= TASK DETAILS =
In the listing below, print exactly the lines between the line holding "Zonder minimumprijs - Armband" and the line holding "Adidas Adizero Finesse", inclusive, and no more.

= AVAILABLE DATA =
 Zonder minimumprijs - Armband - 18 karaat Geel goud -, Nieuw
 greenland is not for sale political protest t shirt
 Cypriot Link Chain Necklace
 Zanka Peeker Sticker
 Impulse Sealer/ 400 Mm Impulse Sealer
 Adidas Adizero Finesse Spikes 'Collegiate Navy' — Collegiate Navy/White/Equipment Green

---

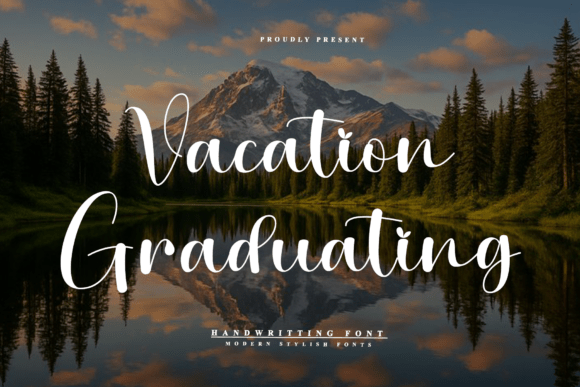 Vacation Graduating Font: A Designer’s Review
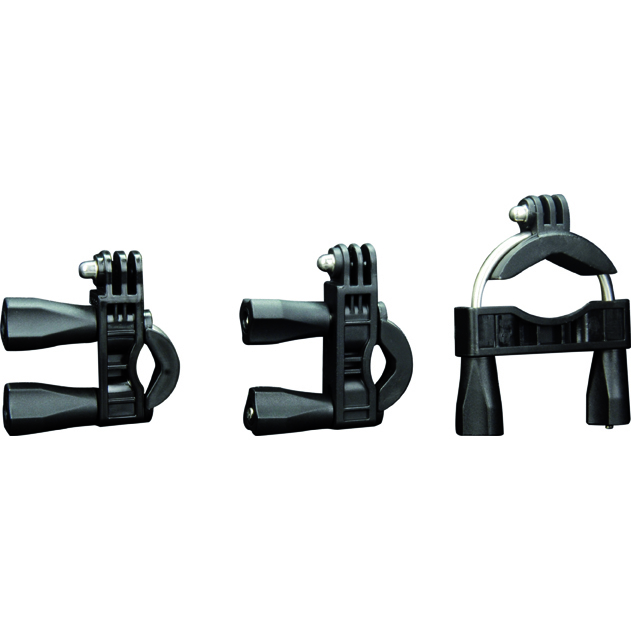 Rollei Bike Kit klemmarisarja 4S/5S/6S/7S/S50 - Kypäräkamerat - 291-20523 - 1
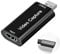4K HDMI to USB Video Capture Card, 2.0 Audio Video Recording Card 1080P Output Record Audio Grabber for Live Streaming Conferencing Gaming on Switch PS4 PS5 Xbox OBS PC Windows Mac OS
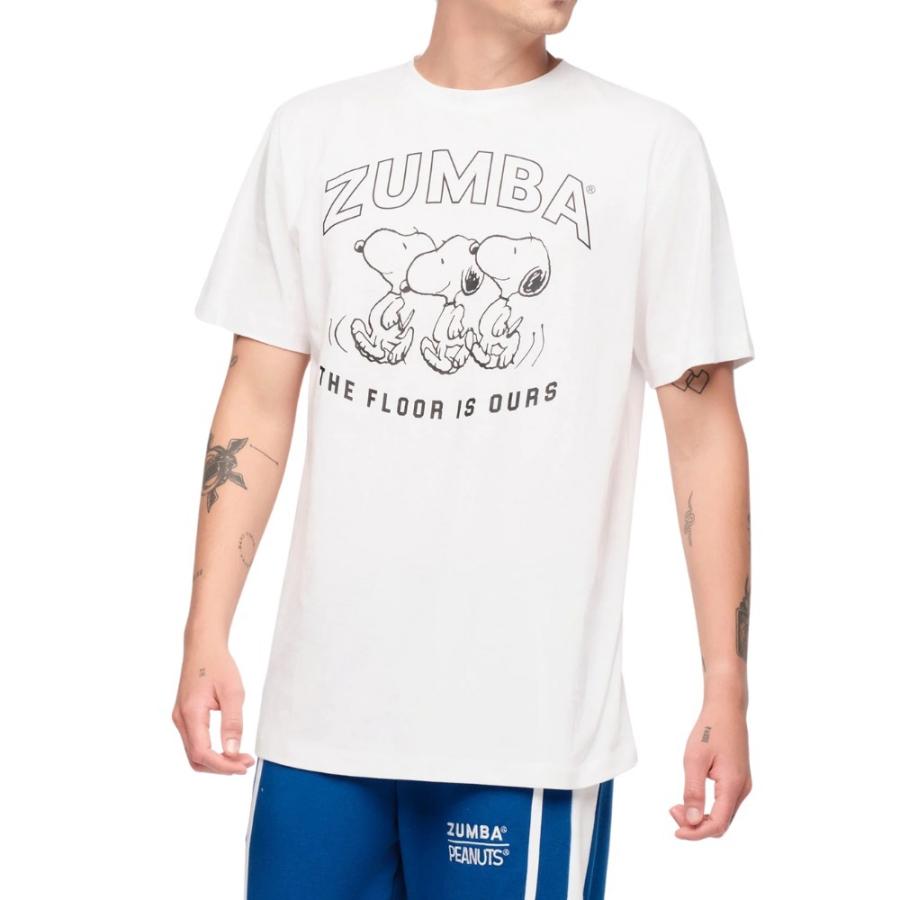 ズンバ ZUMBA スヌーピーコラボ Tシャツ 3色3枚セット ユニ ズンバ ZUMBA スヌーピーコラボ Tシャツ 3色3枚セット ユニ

= RESULT =
 Zonder minimumprijs - Armband - 18 karaat Geel goud -, Nieuw
 greenland is not for sale political protest t shirt
 Cypriot Link Chain Necklace
 Zanka Peeker Sticker
 Impulse Sealer/ 400 Mm Impulse Sealer
 Adidas Adizero Finesse Spikes 'Collegiate Navy' — Collegiate Navy/White/Equipment Green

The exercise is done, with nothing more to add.